▸ **What needs to be done**
Please copy, exactly as they appear below, the lines from the one containing "Yves Saint Laurent" through the one containing "Side view of suburban homes.".

▸ **Entries supplied**

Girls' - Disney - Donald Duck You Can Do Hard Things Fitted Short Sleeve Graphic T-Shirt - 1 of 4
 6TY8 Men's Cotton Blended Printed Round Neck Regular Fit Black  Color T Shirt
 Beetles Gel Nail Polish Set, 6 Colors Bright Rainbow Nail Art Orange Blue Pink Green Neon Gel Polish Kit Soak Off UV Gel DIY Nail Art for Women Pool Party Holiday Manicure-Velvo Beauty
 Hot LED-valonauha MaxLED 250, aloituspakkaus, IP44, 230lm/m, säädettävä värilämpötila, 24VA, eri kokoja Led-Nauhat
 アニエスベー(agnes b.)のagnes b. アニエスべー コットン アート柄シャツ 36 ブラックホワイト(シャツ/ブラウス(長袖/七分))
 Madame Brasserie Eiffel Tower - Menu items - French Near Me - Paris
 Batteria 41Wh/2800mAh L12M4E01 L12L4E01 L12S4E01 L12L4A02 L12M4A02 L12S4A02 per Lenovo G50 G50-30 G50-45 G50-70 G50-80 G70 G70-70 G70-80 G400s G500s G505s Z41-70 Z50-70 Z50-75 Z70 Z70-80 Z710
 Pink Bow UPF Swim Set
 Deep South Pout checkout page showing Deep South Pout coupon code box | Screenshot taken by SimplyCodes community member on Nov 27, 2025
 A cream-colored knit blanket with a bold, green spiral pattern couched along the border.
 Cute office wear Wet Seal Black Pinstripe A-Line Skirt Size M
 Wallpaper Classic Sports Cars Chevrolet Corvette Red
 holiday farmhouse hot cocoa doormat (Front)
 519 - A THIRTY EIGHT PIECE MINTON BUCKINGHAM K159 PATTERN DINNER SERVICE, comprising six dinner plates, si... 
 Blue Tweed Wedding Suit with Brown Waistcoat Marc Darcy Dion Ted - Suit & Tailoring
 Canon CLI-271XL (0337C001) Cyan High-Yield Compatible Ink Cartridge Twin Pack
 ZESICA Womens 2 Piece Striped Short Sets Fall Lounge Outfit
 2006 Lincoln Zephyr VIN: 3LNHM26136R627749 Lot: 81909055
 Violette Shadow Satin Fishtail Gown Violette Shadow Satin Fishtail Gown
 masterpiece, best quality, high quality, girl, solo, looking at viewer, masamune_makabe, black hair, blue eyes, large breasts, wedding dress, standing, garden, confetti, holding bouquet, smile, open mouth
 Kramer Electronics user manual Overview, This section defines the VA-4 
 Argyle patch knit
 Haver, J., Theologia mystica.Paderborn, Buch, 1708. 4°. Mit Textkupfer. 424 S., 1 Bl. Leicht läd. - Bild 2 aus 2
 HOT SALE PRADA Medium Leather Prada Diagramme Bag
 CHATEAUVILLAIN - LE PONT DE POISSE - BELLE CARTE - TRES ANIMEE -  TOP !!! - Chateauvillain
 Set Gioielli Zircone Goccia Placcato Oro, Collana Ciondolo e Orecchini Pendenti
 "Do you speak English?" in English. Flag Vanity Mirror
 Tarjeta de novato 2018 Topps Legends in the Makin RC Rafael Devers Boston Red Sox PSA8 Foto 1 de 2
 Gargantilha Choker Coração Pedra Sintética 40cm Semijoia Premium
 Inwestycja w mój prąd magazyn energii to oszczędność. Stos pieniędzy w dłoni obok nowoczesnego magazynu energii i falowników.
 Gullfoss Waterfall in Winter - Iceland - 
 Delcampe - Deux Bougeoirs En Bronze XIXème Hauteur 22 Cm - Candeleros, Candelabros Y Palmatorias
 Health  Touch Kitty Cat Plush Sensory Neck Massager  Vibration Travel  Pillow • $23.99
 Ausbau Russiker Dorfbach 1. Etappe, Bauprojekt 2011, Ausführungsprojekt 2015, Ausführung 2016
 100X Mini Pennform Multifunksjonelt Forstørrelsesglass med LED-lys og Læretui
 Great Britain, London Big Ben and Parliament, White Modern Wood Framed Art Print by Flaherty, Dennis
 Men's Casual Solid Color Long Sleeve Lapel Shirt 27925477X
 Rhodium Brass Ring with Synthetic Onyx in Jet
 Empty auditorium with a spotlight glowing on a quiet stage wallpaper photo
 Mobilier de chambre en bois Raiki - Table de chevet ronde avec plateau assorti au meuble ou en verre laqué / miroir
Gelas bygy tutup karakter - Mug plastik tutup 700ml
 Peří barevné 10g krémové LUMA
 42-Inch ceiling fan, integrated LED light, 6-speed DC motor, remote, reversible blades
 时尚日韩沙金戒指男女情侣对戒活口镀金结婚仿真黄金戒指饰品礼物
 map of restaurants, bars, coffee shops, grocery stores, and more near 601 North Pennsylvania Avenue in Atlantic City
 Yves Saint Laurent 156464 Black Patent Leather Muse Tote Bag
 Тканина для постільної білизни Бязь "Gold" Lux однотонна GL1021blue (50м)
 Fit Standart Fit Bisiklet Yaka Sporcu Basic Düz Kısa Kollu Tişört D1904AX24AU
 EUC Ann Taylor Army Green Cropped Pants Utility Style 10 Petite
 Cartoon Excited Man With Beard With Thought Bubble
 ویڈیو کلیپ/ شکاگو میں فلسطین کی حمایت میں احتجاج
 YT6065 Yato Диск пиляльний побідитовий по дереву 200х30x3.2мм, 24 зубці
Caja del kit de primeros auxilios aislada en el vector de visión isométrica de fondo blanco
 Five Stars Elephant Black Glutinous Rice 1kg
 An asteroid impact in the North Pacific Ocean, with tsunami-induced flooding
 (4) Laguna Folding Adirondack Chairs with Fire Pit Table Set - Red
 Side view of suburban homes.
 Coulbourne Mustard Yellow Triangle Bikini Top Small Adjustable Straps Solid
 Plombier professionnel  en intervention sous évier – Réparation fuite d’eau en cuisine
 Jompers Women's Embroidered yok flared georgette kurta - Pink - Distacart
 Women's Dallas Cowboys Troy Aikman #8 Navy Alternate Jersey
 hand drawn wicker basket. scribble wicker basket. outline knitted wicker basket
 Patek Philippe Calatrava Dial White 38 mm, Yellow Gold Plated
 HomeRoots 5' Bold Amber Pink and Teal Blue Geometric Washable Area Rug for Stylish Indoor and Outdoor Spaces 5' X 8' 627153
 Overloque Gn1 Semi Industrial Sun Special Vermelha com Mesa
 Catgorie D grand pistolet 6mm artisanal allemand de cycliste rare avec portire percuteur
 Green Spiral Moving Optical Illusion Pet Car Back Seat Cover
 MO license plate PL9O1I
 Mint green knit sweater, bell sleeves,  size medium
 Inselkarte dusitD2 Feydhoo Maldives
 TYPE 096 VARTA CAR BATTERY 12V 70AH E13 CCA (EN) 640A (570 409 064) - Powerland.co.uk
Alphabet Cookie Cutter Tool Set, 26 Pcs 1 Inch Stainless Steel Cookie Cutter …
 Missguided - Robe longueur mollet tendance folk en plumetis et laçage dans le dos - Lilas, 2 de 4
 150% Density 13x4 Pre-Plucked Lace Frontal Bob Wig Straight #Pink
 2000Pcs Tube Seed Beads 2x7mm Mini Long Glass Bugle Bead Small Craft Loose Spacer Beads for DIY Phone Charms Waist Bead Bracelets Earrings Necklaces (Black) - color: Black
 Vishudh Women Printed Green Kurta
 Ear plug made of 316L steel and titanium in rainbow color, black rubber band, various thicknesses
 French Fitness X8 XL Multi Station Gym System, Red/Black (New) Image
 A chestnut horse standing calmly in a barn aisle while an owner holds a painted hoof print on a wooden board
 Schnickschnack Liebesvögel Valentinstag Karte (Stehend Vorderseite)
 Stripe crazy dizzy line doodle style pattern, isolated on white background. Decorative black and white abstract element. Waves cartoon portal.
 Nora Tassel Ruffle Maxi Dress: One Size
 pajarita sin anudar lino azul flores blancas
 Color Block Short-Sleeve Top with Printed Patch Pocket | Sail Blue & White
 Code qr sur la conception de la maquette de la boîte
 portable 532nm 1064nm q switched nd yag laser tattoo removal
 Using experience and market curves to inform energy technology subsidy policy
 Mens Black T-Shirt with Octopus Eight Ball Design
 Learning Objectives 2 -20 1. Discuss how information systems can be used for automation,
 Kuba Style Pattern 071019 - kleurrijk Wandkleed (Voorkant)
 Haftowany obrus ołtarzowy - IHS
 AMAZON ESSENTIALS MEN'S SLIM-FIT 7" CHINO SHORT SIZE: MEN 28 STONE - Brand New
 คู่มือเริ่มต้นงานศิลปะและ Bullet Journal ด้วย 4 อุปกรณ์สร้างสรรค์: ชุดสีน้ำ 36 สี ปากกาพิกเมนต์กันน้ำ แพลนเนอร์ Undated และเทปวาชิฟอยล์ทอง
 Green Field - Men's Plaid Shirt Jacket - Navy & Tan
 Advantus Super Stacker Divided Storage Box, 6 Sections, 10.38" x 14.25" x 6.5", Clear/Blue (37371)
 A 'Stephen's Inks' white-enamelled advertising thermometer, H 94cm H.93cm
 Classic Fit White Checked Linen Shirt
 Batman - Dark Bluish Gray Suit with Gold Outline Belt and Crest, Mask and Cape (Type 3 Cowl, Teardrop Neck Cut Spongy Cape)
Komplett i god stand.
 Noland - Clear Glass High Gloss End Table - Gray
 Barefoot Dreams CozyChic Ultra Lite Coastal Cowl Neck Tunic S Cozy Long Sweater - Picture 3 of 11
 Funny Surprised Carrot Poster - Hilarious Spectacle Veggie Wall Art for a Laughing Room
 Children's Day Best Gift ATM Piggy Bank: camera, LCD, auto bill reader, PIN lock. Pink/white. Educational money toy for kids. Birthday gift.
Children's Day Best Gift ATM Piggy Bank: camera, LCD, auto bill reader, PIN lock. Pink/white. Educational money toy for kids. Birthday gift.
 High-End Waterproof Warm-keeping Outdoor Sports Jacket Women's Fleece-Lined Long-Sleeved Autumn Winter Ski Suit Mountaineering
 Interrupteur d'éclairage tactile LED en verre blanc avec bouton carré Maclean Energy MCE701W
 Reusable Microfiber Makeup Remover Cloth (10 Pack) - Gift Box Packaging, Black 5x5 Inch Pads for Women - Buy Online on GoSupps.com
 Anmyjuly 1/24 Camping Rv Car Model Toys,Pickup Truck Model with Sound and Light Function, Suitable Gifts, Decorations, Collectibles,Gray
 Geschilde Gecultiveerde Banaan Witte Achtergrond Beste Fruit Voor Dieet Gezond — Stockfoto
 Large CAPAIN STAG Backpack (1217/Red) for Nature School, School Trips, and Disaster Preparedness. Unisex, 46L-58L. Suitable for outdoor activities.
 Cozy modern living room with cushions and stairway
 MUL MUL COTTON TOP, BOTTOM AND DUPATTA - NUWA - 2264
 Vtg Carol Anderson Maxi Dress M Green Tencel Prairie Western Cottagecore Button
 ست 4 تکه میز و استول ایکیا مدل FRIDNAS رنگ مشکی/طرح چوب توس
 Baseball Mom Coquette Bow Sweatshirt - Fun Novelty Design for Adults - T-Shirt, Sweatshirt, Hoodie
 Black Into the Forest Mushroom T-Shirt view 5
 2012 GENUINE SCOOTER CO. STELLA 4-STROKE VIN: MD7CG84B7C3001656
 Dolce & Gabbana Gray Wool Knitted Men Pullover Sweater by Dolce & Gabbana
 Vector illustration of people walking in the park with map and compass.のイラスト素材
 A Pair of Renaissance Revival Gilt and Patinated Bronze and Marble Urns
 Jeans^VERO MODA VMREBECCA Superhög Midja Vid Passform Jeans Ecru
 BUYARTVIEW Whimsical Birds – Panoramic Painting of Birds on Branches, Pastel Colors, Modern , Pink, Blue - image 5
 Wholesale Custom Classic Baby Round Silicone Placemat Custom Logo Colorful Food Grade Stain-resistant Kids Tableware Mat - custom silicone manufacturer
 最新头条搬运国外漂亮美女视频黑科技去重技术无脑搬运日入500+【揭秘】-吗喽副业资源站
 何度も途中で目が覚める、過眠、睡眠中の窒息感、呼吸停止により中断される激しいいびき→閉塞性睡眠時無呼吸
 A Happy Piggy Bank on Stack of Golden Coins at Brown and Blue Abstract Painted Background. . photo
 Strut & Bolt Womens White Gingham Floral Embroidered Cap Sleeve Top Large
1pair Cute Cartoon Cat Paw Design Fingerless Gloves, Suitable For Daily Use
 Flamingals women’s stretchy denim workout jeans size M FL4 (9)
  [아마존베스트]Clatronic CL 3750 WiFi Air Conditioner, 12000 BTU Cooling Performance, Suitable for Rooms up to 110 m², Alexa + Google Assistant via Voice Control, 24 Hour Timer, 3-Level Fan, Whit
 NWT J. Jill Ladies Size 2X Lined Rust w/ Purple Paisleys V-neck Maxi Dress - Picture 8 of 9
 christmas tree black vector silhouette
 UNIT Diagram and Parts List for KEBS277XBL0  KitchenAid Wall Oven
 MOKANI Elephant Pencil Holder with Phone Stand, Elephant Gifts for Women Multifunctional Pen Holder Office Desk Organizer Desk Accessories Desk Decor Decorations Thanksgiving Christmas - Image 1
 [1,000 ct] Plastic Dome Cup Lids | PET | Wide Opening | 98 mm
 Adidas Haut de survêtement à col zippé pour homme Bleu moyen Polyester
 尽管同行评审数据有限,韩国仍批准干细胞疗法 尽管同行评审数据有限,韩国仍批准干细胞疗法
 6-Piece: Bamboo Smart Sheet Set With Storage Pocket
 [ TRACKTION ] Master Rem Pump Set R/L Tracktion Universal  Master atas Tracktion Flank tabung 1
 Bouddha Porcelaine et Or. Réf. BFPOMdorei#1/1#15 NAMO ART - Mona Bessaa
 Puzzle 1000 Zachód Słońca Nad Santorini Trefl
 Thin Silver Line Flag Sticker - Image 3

▸ **Solution to this exercise**
 Yves Saint Laurent 156464 Black Patent Leather Muse Tote Bag
 Тканина для постільної білизни Бязь "Gold" Lux однотонна GL1021blue (50м)
 Fit Standart Fit Bisiklet Yaka Sporcu Basic Düz Kısa Kollu Tişört D1904AX24AU
 EUC Ann Taylor Army Green Cropped Pants Utility Style 10 Petite
 Cartoon Excited Man With Beard With Thought Bubble
 ویڈیو کلیپ/ شکاگو میں فلسطین کی حمایت میں احتجاج
 YT6065 Yato Диск пиляльний побідитовий по дереву 200х30x3.2мм, 24 зубці
Caja del kit de primeros auxilios aislada en el vector de visión isométrica de fondo blanco
 Five Stars Elephant Black Glutinous Rice 1kg
 An asteroid impact in the North Pacific Ocean, with tsunami-induced flooding
 (4) Laguna Folding Adirondack Chairs with Fire Pit Table Set - Red
 Side view of suburban homes.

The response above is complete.